There’s nice light in here this morning. Although it’s overcast, there are lazy snowflakes drifting in the air, and what light there is is bouncing off the snow on the ground. Yesterday’s freezing rain completely coated the maple tree out front, and every single twig was coated in a glistening sheath. When we went out this morning to put Liam in the car, the breeze brushed the branches and I heard clicks and cracks, a sound that I haven’t heard in months. The poor blue cedar in the corner of the back yard is equally frozen, and already bending towards the snow-covered ground. Every year it happens earlier, and every year we think we’ve lost it to the weight of an ice storm. We’ve tried tying it to the telephone pole behind it, propping it up with wood… we’ll see if the roots actually stay in the ground this year, and if so, for how long.
Liam and I made our first loaf of bread in the new bread machine (or, if one reads the French on the box, the ‘robot baker’), and it’s delicious. The texture is nice and even throughout, not too light, and not too crumbly. The crust is even, too. It’s good to know that I can bake one or two of these a week, that it will be fresh right up until it’s eaten (yesterday’s is half-gone already) and not preservative-ridden. I like knowing exactly what goes into the things I cook. My one regret is that the smell of baking bread doesn’t permeate the house, but if I’m craving that then I can always take the dough out of the machine after the second rise and bake it in the oven instead. I’ll try a whole-wheat version next, and buy some seeds to make a flax-sesame-poppyseed version too.
There was a Liam-related accident with my cello bow yesterday, resulting in a snapped frog. I have another bow but it’s heavier, and as I haven’t practised this set of music with it I’m concerned that it will adversely affect my performance or cramp my hand. Some of the Grieg requires a light touch, for example. HRH is bringing home some Krazy Glue tonight, so we’ll try to fix it that way and I’ll see how it works tonight at the dress rehearsal. If it doesn’t work the frog can always be professionally replaced, but that’s not going to happen by tomorrow night. The temporary solution doesn’t have to hold beyond the end of tomorrow’s concert. I’ll bring both bows, just in case.
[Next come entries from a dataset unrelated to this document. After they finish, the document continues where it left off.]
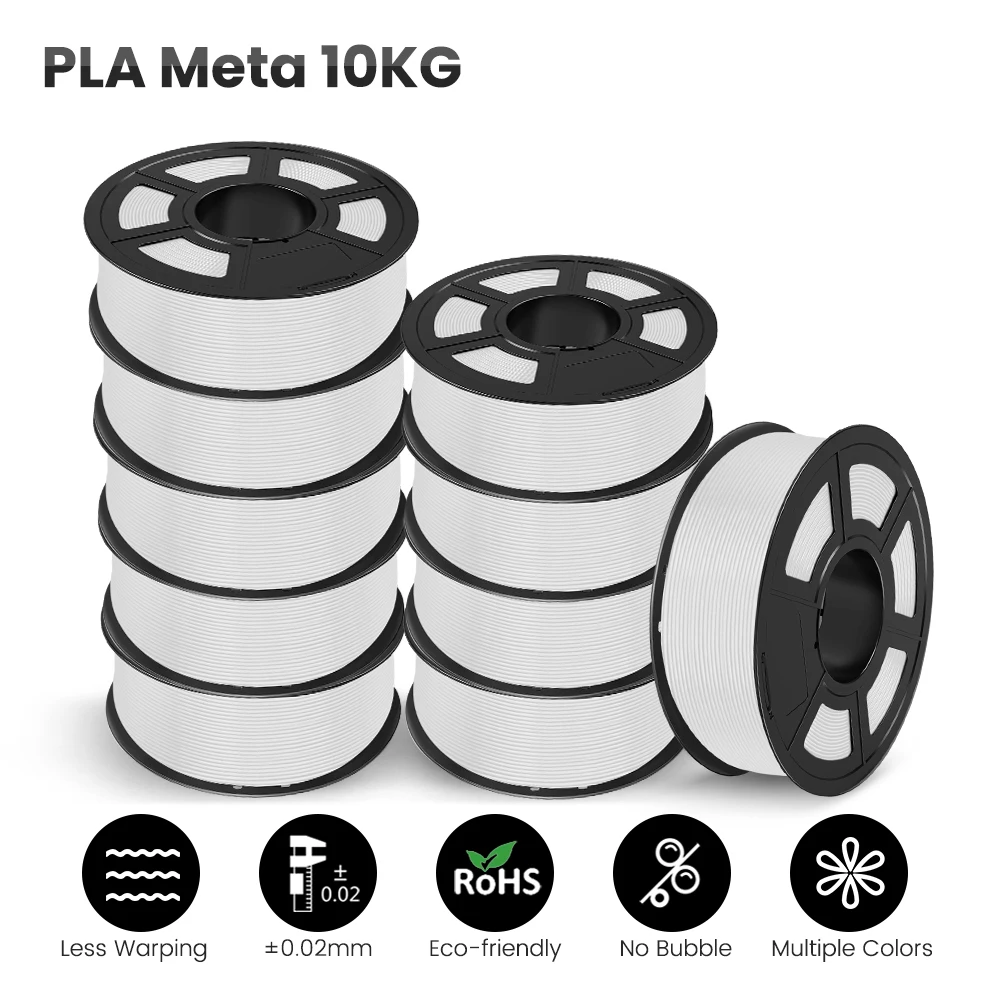 PLAMT White 10Roll
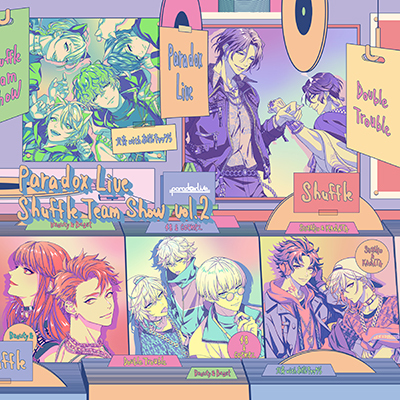 Paradox Live Shuffle Team Show Vol.2(CD)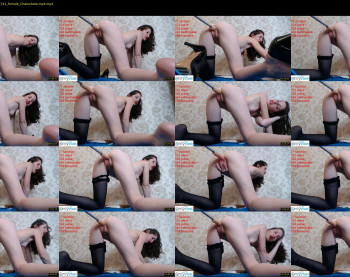 fuckingalice — 30 minute Chaturbate female cam show recording, 720p, Jan 26, 2021
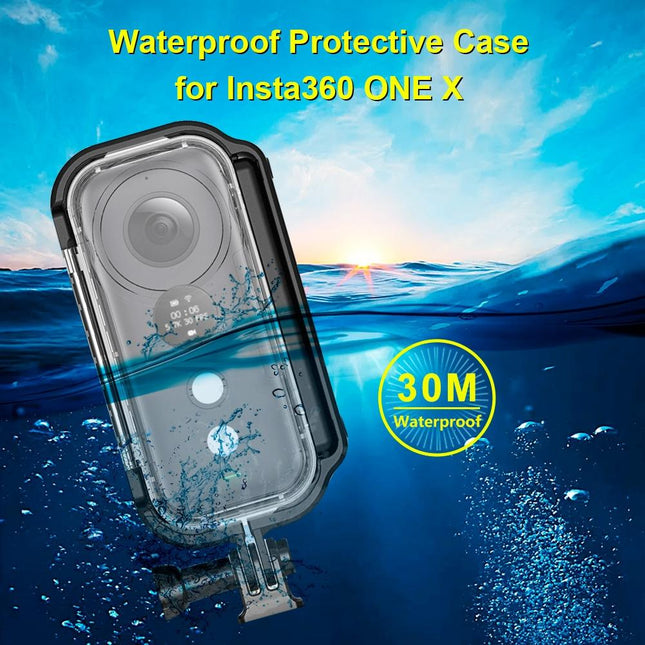 Waterproof Housing For Insta360 One X - 30M Depth
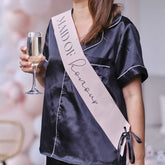 hen-party-maid-of-honour-sash-team-bride|TH-117|Luck and Luck| 1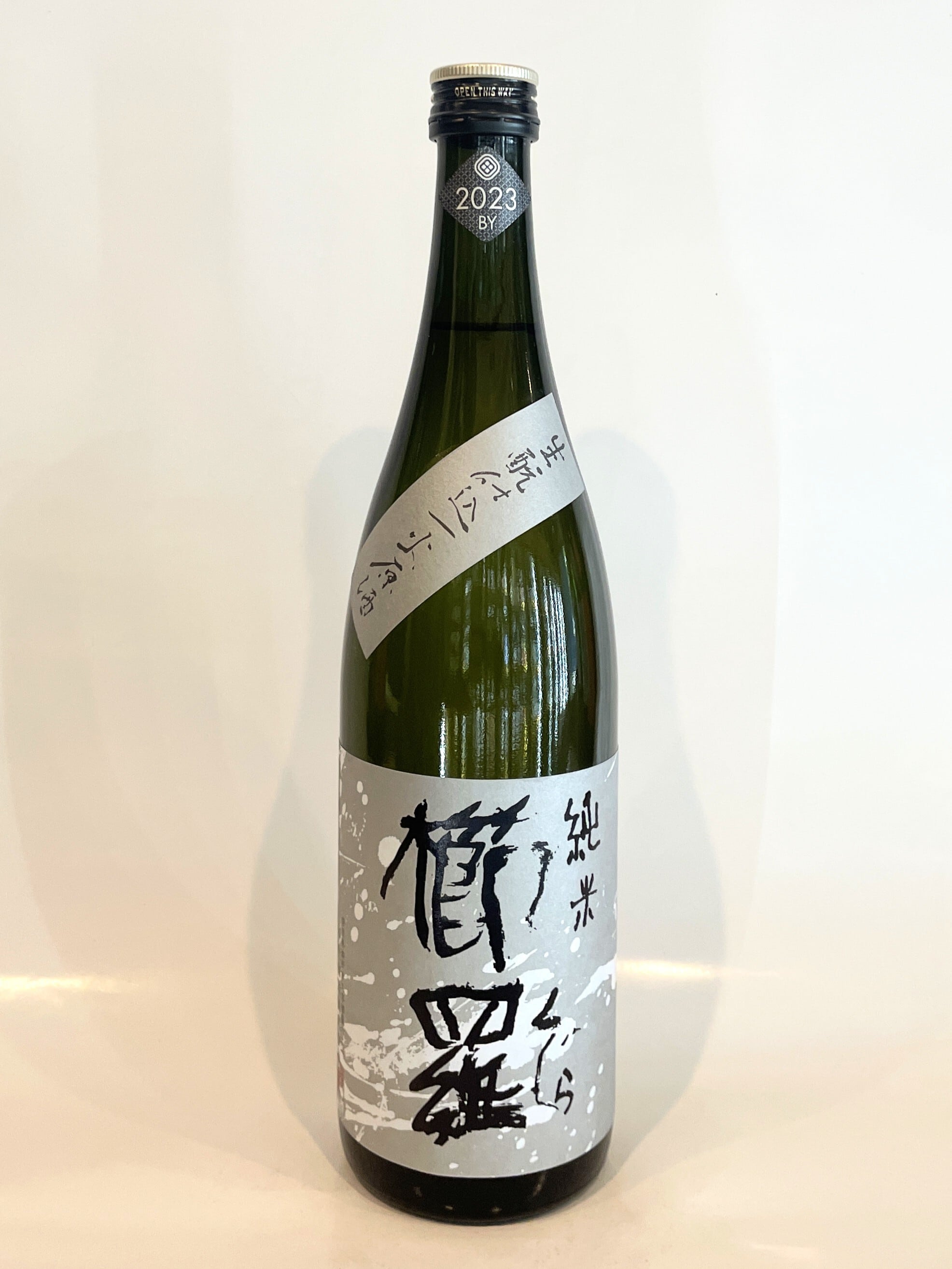 千代酒造 櫛羅 純米山田錦 生酛仕込み一火原酒 720ml | 酒のいえK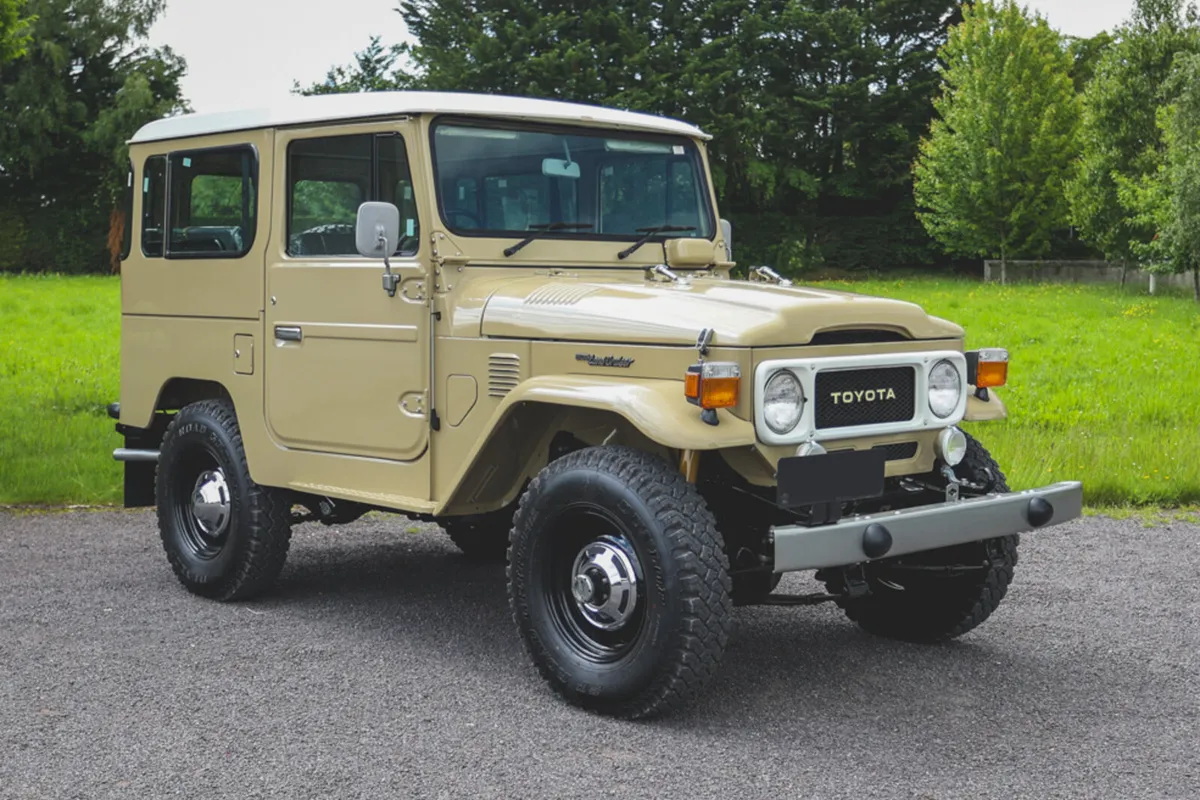 1980 Toyota Land Cruiser FJ40 - Image 1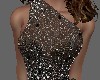 black diamonds gown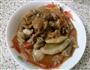 番茄炒鸭肉的做法图解6
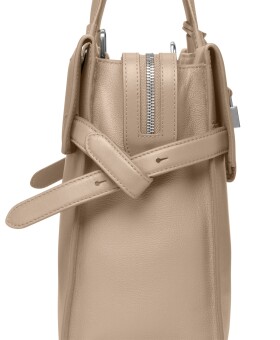 Bolsa de Mão de Senhora Média Bege | Agent | TUMI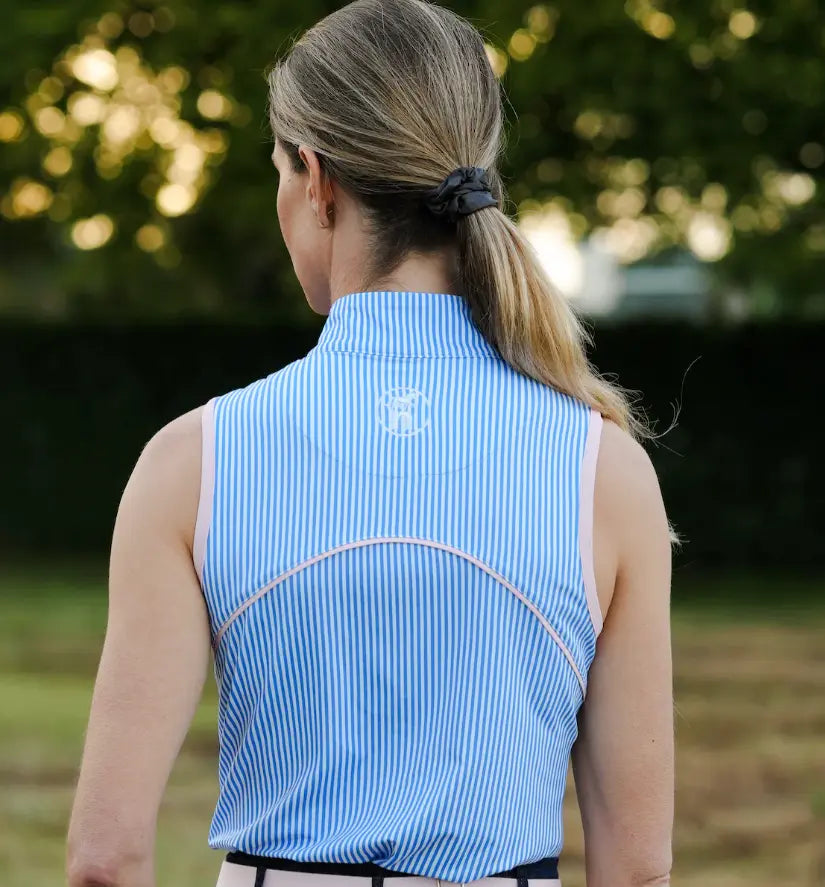 Novella Summersby Sleeveless Top (Benefits Gallop For Life)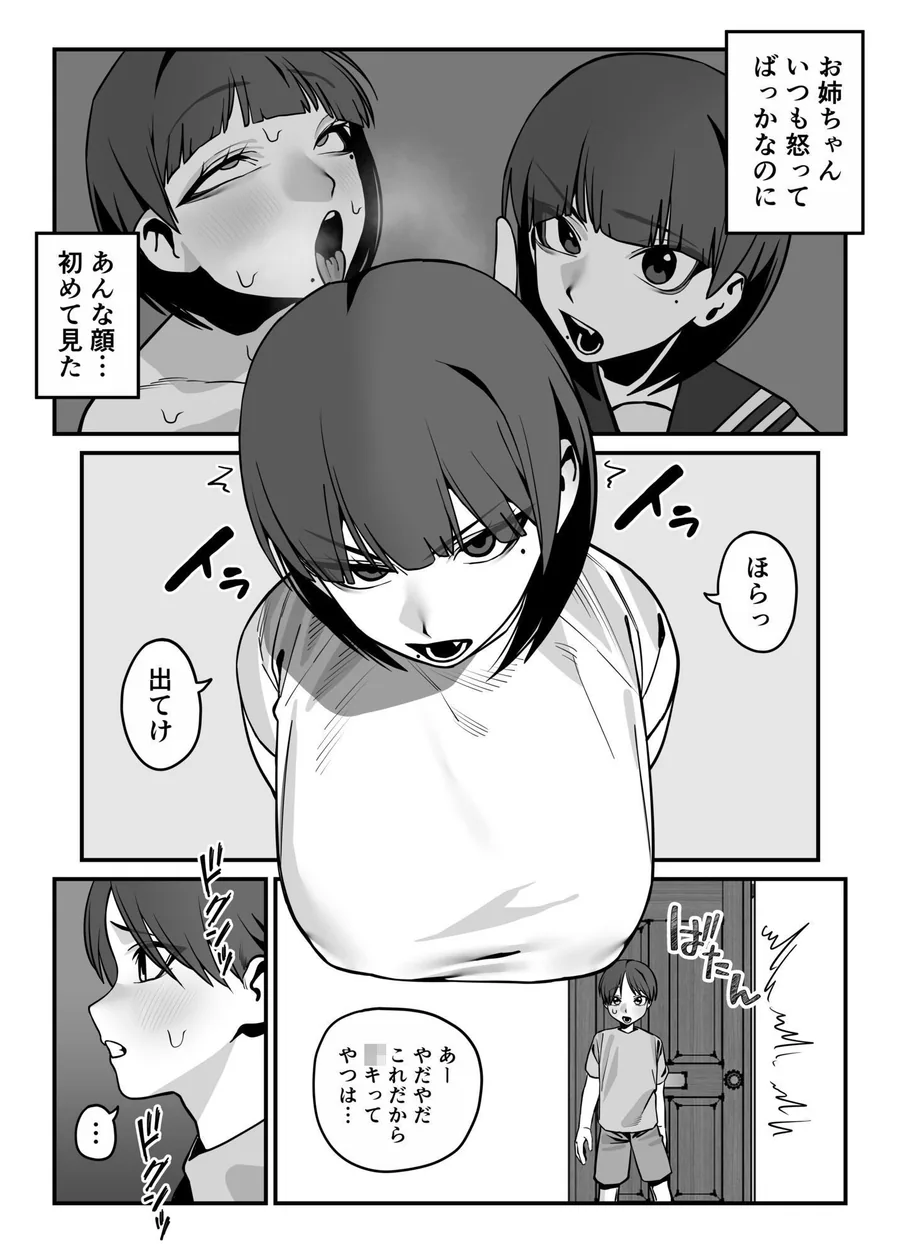 いつも怒ってばかりのお姉ちゃんを妊娠させる話 サンプル画像 5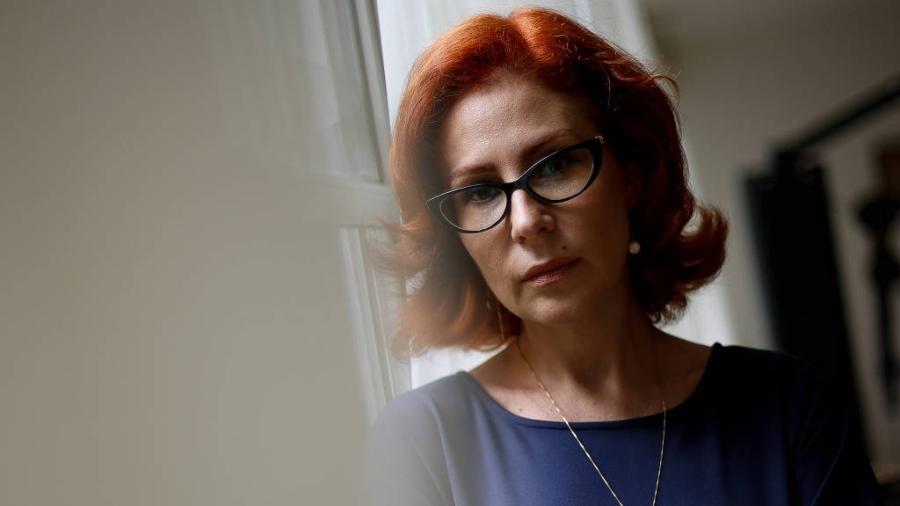 A deputada federal Carla Zambelli, que viajou para a Itália e teve a extradição pedida pelo STF 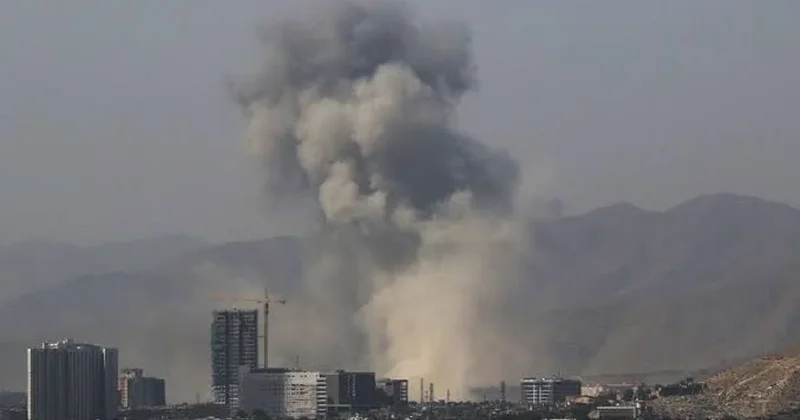 В Кабуле прогремел мощный взрыв, есть погибшие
Research books for the hearthcraft book are starting to arrive, and there are more second-hand ones to order today. Except I’m currently watching my outgoing cash flow very, very closely at the moment. One of the problems with doing freelance work is that you do the work and get paid at an unspecified time later, on someone else’s schedule. It makes for a nice surprise when the cheque finally lands in the mailbox, but the watching of the mail until that point isn’t as much fun.
The Car
The good news: The car’s engine is running cool, and in no danger of overheating.
The bad news: It’s not warming up enough to open the thermostat, making driving a rather chilly experience. And if it’s like this now when temperatures are hovering around the zero mark, it’s only going to get worse. HRH has poked around at it and we thought it had been fixed, but apparently not. I seem to remember this issue last fall, but not what we did about it. Possibly a flush and refill; it may have fixed itself, if there was a bubble in the system.
There was thick frost on the back windshield this morning, and no scraper in the car. I have no idea where HRH packs them away in the summertime, and as the boy was already strapped into his seat I couldn’t go inside and dig around the garage looking for it. I used a (clean!) wooden paint stirrer that I found in the trunk instead. It was remarkably successful at it, too.
Hearthwitch book stuff today. And administration-type things.